Le chef de l’Etat, en temps normal omniprésent à la télévision, n’a fait aucune adresse à la nation depuis le début de cette vague d’attentats. Une discrétion qui dissimule mal, selon les analystes, les limites atteintes par sa politique dans le Caucase du Nord, où « l’opération antiterroriste » (ou deuxième guerre de Tchétchénie) s’enlise depuis près de cinq ans.
Mercredi, M. Poutine est rentré de sa résidence d’été de Sotchi, sur la mer Noire, quelques heures après le début d’une prise d’otages dans une école d’Ossétie du Nord, dans le Caucase russe. Quelques images de sa réunion d’urgence avec le ministre de l’Intérieur, Rachid Nourgaliev, le chef du FSB (services spéciaux) Nikolaï Patrouchev et celui des garde-frontières, Vladimir Pronitchev, ont été diffusées par les télévisions russes, mais sans son. Seul le ministre de la Défense, Sergueï Ivanov, s’est exprimé à la télévision, évoquant « une guerre sans adversaires visibles ni ligne de front » déclarée à la Russie. « Que peut dire Poutine, puisqu’il est incapable de résoudre le problème tchétchène ? Il n’a rien à dire et les forces de l’ordre sont incapables de lutter contre le terrorisme », a commenté Iouri Korgouniouk, un analyste de la fondation Indem. Après l’explosion qui a fait onze morts mardi à Moscou, attribuée à une kamikaze et revendiquée par le groupe islamique soutenant les séparatistes tchétchènes qui avait déjà revendiqué la double catastrophe aérienne, le président russe n’a fait aucun commentaire. Alors que la presse évoquait un double attentat contre deux avions de ligne et titrait sur « le 11 septembre russe », M. Poutine avait attendu près de vingt-quatre heures pour intervenir à la télévision. Revenu là encore d’urgence de Sotchi, il s’était contenté de réclamer la « vérité » et de présenter ses condoléances aux familles des victimes.
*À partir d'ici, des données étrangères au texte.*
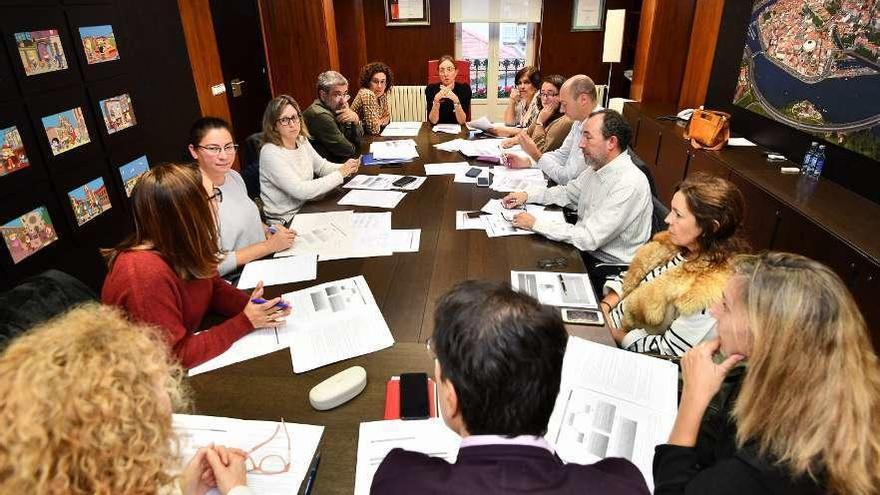 Representantes de diez instituciones, entidades y organismos oficiales, revisaron ayer el borrador. // G.S.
Un jour de deuil avait été déclaré mais aucune cérémonie officielle n’a été organisée et le président russe n’a pas eu d’occasion de revenir sur le sujet. La lenteur des autorités à reconnaître la piste terroriste avait soulevé les soupçons de la presse sur la volonté de masquer l’échec de la politique en Tchétchénie. Sa seule déclaration importante depuis a été, une semaine plus tard, pour réaffirmer sa volonté de combattre les « terroristes » en Tchétchénie, en dénonçant leurs liens avec le réseau Al-Qaïda – qu’il a lié au double attentat aérien -, lors d’une rencontre avec le président français, Jacques Chirac et le chancelier allemand, Gerhard Schroeder. Une retenue tranchant avec ses déclarations choc sur la Tchétchénie, comme en septembre 1999 quand il appelait à « buter les terroristes jusque dans les chiottes ». C’était juste avant le lancement, en octobre 1999, de la deuxième guerre de Tchétchénie, qui allait devenir la clef du succès à l’élection présidentielle de mars 2000 de ce partisan d’une ligne dure à l’égard des indépendantistes tchétchènes.
Cette vague d’attentats « est un échec total de notre politique dans le Caucase », où les forces russes et tchétchènes pro-russes sont accusées par les ONG de multiples exactions contre la population civile, analyse le politologue, Andreï Piontkovski. Selon lui, la politique intransigeante du président Poutine a eu pour effet de « pousser une partie de la résistance vers le terrorisme international ».